Rail companies use data analytics daily to run everything from operations and maintenance to making key business decisions based on intelligence from the collected data. In the last 10 years, the emergence of the digital railway has incurred a demand for Big Data techniques to respond to an overwhelming surge in data collection capabilities and speed.
Largely, the UK rail sector has embraced this development and has begun implementing Big Data analysis and Data Science technologies to stay ahead of competitors and provide a better modern service to their customers while maintaining assets and efficiency.
The Digitisation of Rail
Historically, the rail industry has been criticised for lack of innovation, falling behind the times in many areas and failing to capitalise on emerging technologies. Certainly, this has been improving in recent years. Today, companies collect vast amounts of data from rail stakeholders who provide intelligence via computer systems, the Internet of Things (IoT) and Cloud computing, which constitutes the move towards ‘smart railways´.
To ensure the data’s business potential is realised and optimised, companies analyse and work to unlock the potential of the collected data, as Porterbrook, the train leasing company have done in the last year.
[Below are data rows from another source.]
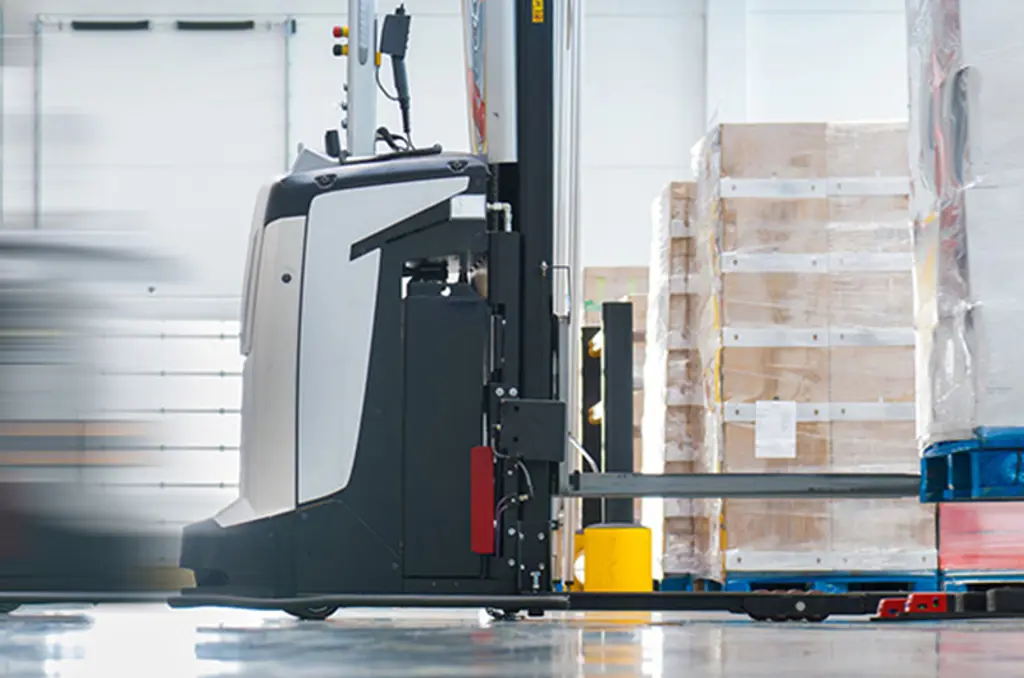 Un AGV transporte une palette dans un entrepôt pour la manutention automatisée des marchandises.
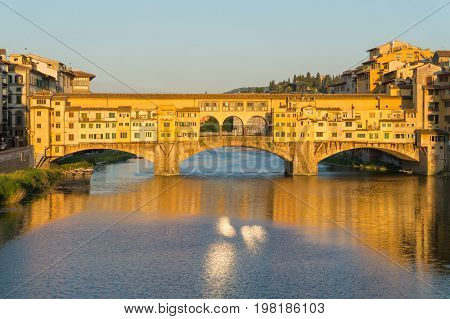 Ponte Vecchio bridge over the Arno River in sunset light, Florence, Italy. The bridge first mention was in a document of 996. One of the main attractions of Florence.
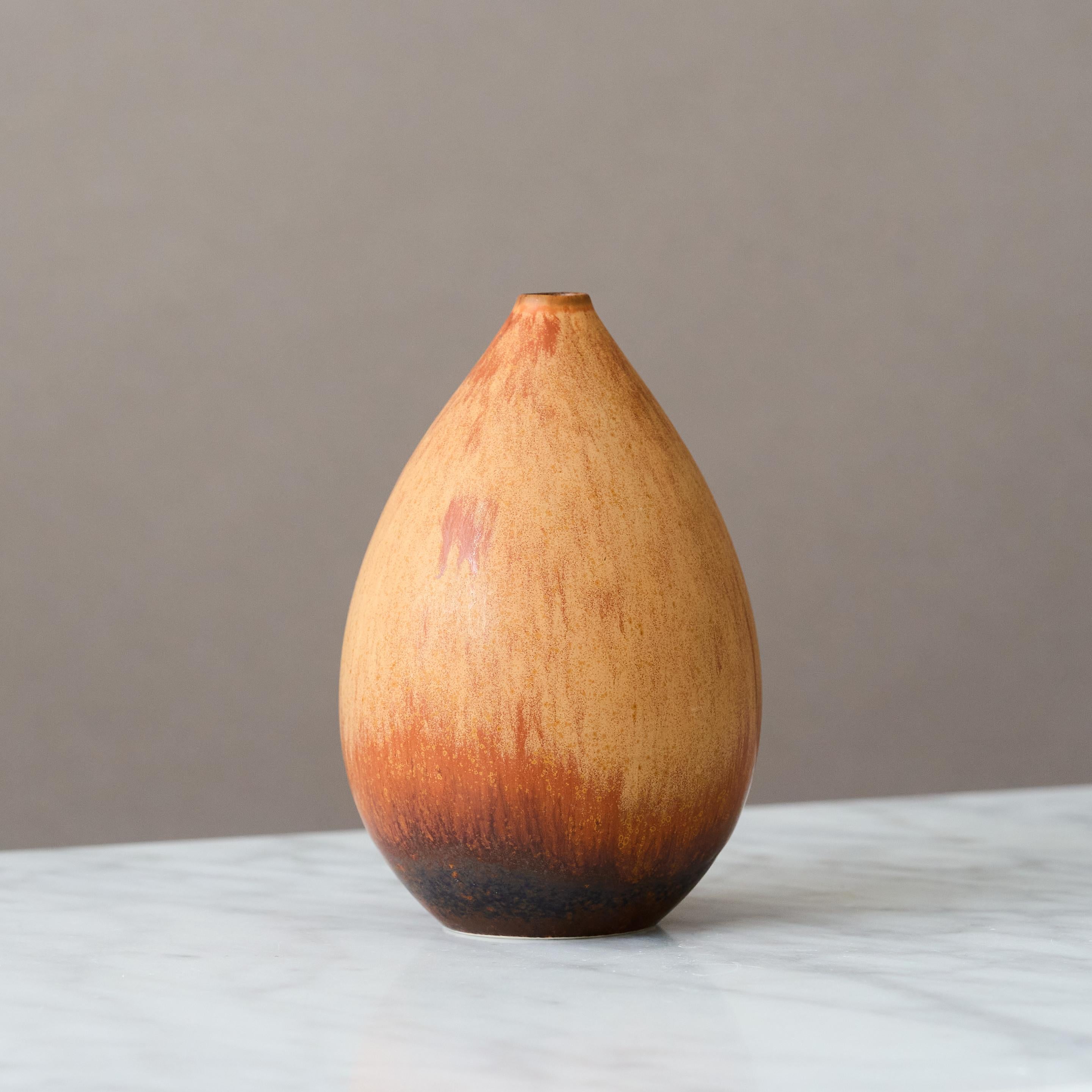 A beautiful stoneware vase with amazing glaze.
Designed by Carl-Harry Stålhane at Rörstrand, Sweden, 1955.

Good condition, slightly askew. Factory second.
Signed 'CHS' and makers mark 'R'.

Carl-Harry Stålhane (1920-1990) is one of the most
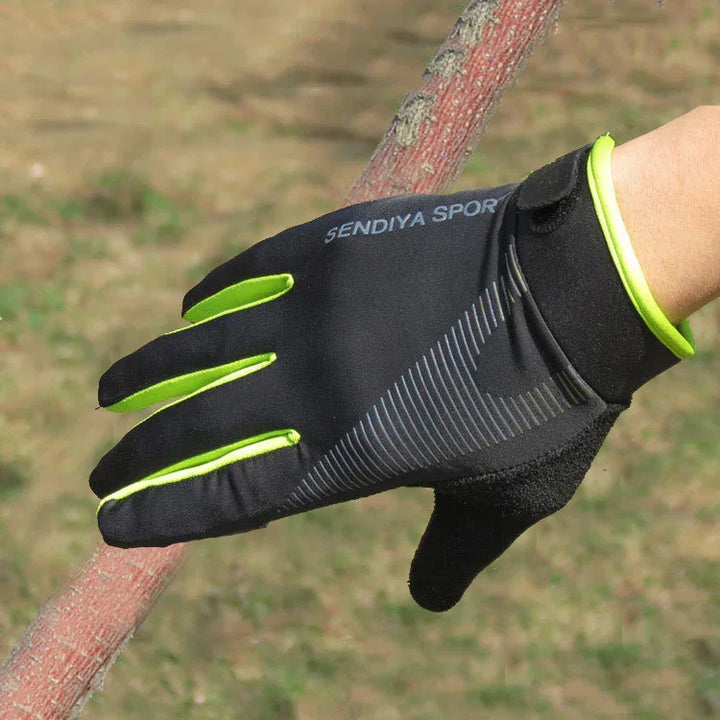Black and neon yellow SENDIYA SPORT glove gripping a red wooden stick outdoors on grass background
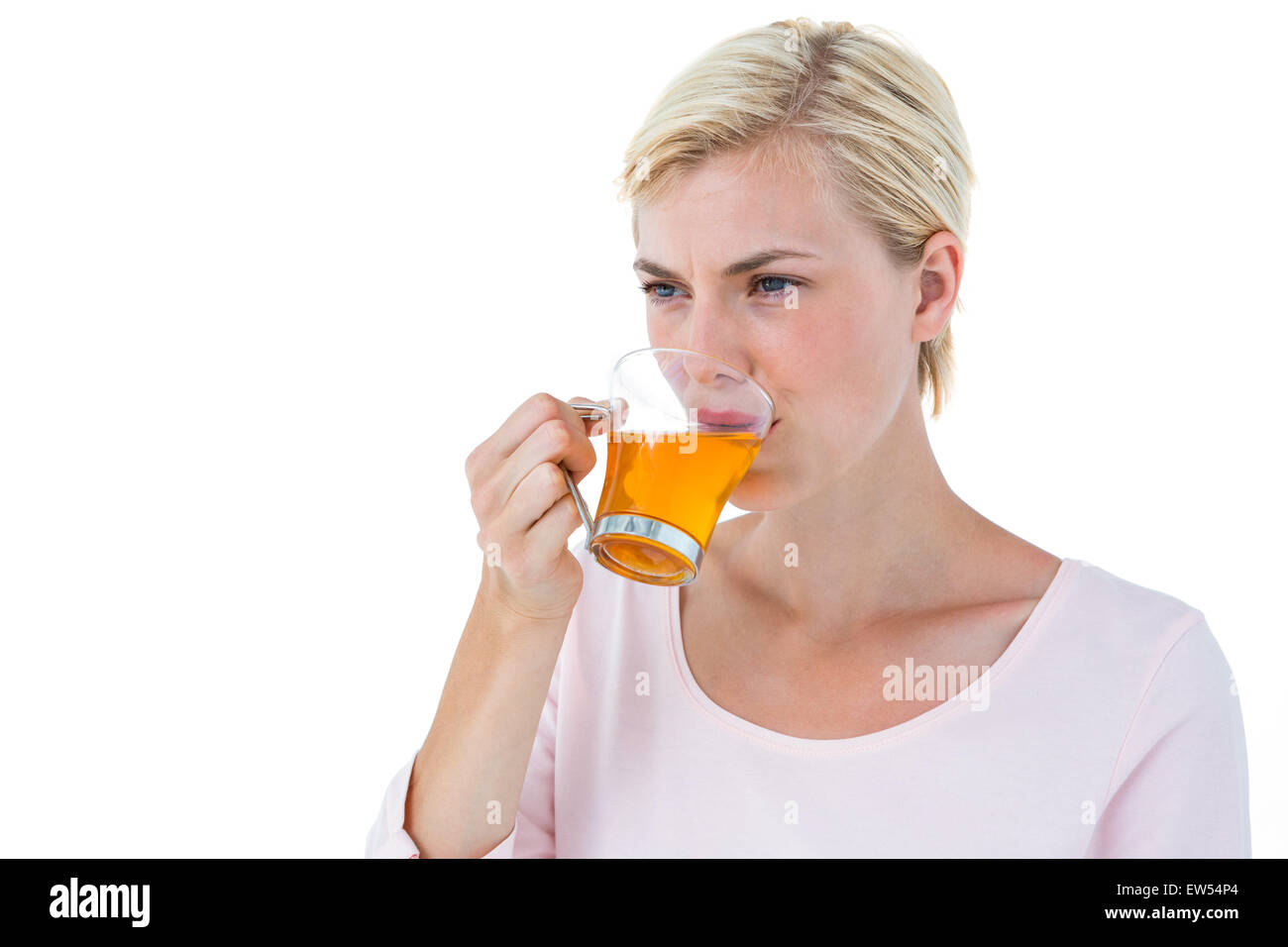 Attraktive blonde Frau Tee trinken Stockfoto
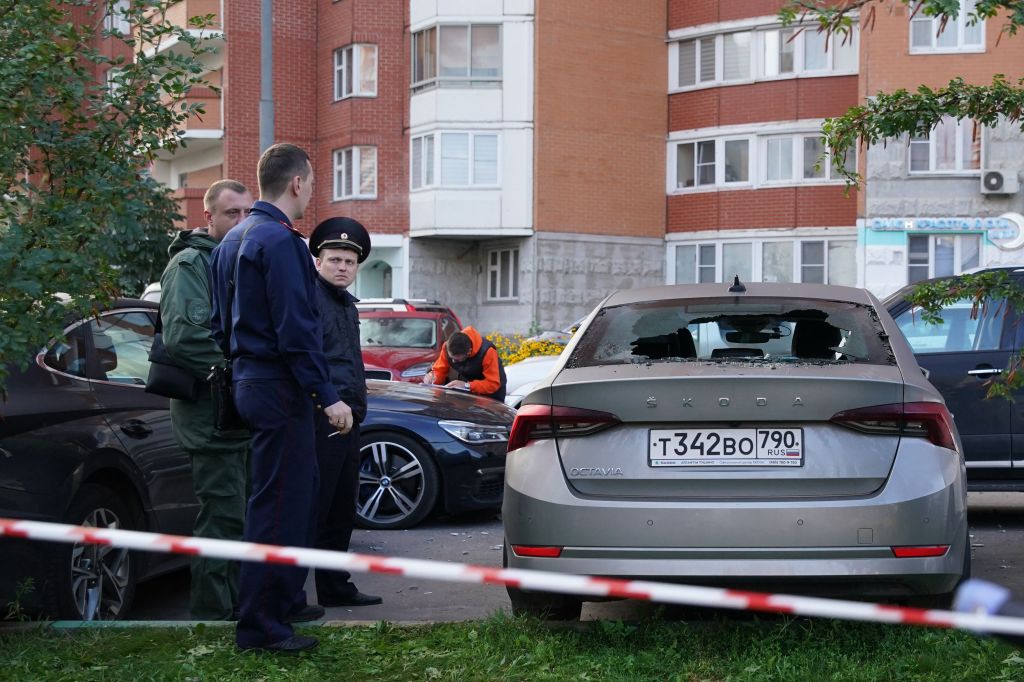 Law enforcement officers stand next to a damaged car following the drone attack in Krasnogorsk, in the Moscow region on Aug. 22, 2023. 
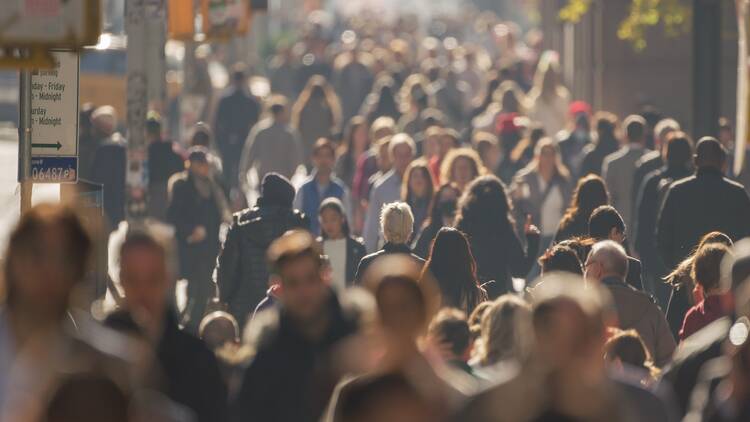 people in a crowded Manhattan street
The digitalisation of rail also offers new services for customers. Mobile ticketing has undoubtedly revolutionised the travel experience and new technologies such as the Trainline´s voice activated customer communication greatly enhances the way in which customers interact with companies. Undoubtedly, digital technology governs a great deal of rail customers behaviours including purchasing, expectations, operator information and reservations.
These leaps in digitisation in rail have led to improved monitoring of assets, automation in operations, and customer interactions, and as the technology becomes readily available and cheaper, the digital railway nears reality.
Where Has the UK Rail Industry Been failing?
While digitisation has provided the means for innovation and improvement of operations, recent reports indicate performance of trains services have not met expectations. Since the privatisation of Britain’s Rail Network, the government predicted that more competition between the companies in the sector would lead to a better service. In fact, the opposite has been true as ticket prices have risen, and lateness hit a 13 year high in the UK in 2018.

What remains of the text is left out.